Segment Start: Task data
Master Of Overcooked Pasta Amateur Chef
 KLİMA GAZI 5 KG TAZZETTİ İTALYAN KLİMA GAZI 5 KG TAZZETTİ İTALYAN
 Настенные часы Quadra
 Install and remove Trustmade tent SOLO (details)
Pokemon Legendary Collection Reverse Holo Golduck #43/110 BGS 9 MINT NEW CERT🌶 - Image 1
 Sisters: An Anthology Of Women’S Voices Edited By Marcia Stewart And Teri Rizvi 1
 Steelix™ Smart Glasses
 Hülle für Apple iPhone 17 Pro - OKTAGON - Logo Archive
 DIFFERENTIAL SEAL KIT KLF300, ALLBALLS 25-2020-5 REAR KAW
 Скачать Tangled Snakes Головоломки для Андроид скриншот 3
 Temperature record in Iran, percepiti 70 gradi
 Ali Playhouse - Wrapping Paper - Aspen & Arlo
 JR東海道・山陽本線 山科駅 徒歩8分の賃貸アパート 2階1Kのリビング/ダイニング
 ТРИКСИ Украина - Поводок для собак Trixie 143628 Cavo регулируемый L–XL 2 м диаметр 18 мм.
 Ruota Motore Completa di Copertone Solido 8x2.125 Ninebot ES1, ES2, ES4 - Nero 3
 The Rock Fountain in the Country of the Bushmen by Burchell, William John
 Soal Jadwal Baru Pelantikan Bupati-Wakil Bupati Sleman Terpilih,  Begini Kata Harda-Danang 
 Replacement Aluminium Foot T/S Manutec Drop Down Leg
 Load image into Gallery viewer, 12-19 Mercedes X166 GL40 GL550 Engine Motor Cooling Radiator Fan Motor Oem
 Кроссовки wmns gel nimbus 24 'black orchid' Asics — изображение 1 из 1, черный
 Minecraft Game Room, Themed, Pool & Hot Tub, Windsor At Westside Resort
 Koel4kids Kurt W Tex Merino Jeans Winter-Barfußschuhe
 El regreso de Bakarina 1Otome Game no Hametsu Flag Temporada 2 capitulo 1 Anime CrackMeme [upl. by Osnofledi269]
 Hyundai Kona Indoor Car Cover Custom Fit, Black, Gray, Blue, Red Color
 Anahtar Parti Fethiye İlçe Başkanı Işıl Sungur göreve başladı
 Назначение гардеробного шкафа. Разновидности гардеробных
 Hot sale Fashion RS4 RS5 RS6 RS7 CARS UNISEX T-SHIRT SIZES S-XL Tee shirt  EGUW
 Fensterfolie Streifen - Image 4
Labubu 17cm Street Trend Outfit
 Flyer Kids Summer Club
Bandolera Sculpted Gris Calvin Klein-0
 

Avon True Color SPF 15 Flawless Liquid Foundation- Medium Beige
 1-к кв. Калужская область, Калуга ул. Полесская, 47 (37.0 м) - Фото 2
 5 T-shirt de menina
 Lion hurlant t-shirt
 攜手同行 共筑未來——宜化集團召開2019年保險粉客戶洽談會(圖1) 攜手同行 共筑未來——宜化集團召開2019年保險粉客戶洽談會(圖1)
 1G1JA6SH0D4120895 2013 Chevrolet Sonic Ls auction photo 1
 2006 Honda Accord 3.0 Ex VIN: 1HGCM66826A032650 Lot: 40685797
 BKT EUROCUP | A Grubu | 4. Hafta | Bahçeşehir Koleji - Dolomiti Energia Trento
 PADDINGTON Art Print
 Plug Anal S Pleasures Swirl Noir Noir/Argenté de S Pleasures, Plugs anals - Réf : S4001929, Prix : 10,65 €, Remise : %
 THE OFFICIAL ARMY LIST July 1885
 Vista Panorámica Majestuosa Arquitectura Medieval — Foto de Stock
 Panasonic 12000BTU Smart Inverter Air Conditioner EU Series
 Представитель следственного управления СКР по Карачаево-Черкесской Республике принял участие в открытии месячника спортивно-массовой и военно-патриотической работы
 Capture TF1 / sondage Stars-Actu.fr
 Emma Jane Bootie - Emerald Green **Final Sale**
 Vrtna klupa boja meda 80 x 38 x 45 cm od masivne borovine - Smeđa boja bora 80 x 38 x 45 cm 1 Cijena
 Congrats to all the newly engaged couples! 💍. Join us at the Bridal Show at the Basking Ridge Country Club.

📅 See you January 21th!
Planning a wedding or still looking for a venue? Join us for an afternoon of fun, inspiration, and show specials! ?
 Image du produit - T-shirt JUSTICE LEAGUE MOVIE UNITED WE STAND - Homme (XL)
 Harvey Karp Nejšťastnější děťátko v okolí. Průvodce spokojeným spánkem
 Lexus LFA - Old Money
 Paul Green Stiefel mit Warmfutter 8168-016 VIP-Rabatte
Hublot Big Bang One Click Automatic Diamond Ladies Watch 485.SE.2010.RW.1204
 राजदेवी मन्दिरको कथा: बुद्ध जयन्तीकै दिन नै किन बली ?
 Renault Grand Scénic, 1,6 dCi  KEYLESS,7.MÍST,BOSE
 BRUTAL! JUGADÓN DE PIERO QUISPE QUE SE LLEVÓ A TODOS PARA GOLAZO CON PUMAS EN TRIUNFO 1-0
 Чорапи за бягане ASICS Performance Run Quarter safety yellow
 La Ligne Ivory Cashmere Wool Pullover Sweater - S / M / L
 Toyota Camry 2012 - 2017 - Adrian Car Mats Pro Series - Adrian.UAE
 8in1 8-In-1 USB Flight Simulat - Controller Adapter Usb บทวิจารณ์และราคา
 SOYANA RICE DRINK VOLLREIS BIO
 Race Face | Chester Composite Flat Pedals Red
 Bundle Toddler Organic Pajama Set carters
Segment End: Task data
__Your goal__
Using the data above, reproduce exactly the lines from the line that contains "Emma Jane Bootie" through the line that contains "Чорапи за бягане", including both.

__Answer to this exercise__
 Emma Jane Bootie - Emerald Green **Final Sale**
 Vrtna klupa boja meda 80 x 38 x 45 cm od masivne borovine - Smeđa boja bora 80 x 38 x 45 cm 1 Cijena
 Congrats to all the newly engaged couples! 💍. Join us at the Bridal Show at the Basking Ridge Country Club.

📅 See you January 21th!
Planning a wedding or still looking for a venue? Join us for an afternoon of fun, inspiration, and show specials! ?
 Image du produit - T-shirt JUSTICE LEAGUE MOVIE UNITED WE STAND - Homme (XL)
 Harvey Karp Nejšťastnější děťátko v okolí. Průvodce spokojeným spánkem
 Lexus LFA - Old Money
 Paul Green Stiefel mit Warmfutter 8168-016 VIP-Rabatte
Hublot Big Bang One Click Automatic Diamond Ladies Watch 485.SE.2010.RW.1204
 राजदेवी मन्दिरको कथा: बुद्ध जयन्तीकै दिन नै किन बली ?
 Renault Grand Scénic, 1,6 dCi  KEYLESS,7.MÍST,BOSE
 BRUTAL! JUGADÓN DE PIERO QUISPE QUE SE LLEVÓ A TODOS PARA GOLAZO CON PUMAS EN TRIUNFO 1-0
 Чорапи за бягане ASICS Performance Run Quarter safety yellow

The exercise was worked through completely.